In its effort to completely eliminate the town’s dependency on fossil fuels, and reduce electricity costs, Aquinnah has taken over ownership of a 10-year-old solar array located by the town’s landfill.
A press release issued by Aquinnah officials over the weekend announced the transfer, which will aid the town in reaching its goal of eliminating 100 percent of its fossil fuel use by 2040.
The 50-kilowatt solar array has reduced the town’s municipal energy costs by more than $10,000 per year, and is capable of producing enough energy to power all of Aquinnah’s town offices, emergency facilities, and library.
Although already in use, the array had not been considered town property, and hence, the town had not been able to fully reap the benefits of eventual zero municipal energy costs; however, it was provided a favorable discount. Now property of Aquinnah, the system will provide the town with electricity essentially free of cost.

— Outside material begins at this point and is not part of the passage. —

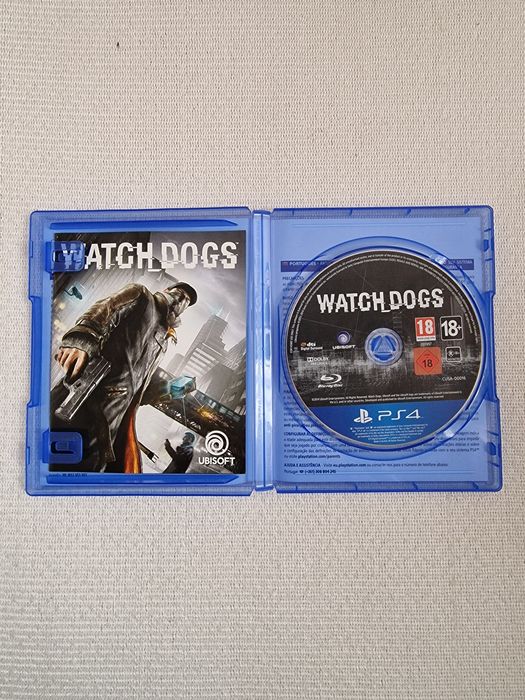 Jogo Watch Dogs - PS4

The December transfer of ownership from a Vineyard Power subsidiary to the town marked the 10-year anniversary of the development of the solar array, Bill Lake of the Aquinnah energy and climate committee told The Times.
Per an agreement with Vineyard Power and the project’s investors, the Moncton family, the town had the option to take over the array at the 10-year mark.

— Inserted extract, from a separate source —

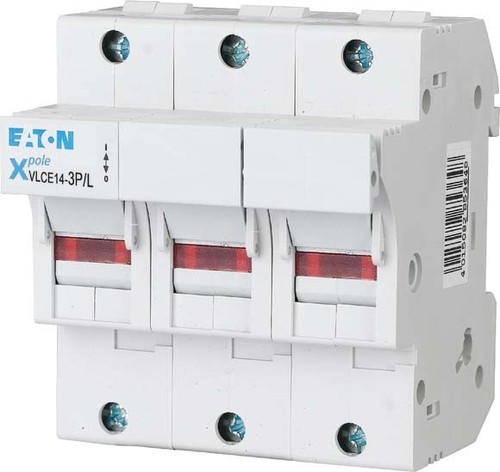 Eaton Sicher.lasttrennschalter 50A, 3p, Gr.22x51 VLCE14-3P/L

“For most of that 10-year period, the solar array was producing more energy than the town buildings were actually using,” Lake said, which resulted in Aquinnah being able to accumulate excess net metering credits.
Those credits, Lake explained, can be used for the following year, or can be transferred to another public entity. For example, in the past, Aquinnah was able to sell some of those net metering credits to the Vineyard Transit Authority.
A green community grant awarded to Aquinnah to assist in the conversion from fossil-fuel heating systems to electric heating and water pumps has actually increased the amount of energy the town uses, Lake said, which means that as green initiatives gain more traction, the excess credits are likely to decrease.
Developed by Vineyard Power and installed by South Mountain Co. in 2012, following their bid submission in response to the town’s request for proposals in 2011, Aquinnah’s solar photovoltaic system sits on the town’s one-acre capped landfill — one of the first of its kind in the state. Aquinnah’s system is one of four solar projects on the Island made possible by Vineyard Power, including a 530-panel, 100-kilowatt array at the Chilmark landfill.
Per the town’s statement, the initial development of the array was made possible through funding from the Moncton family, who then helped with the array’s transfer of ownership to the town.
In a letter written to the family, the Aquinnah select board expressed their gratitude on behalf of the town for the Monctons’ “generosity, vision, and commitment.”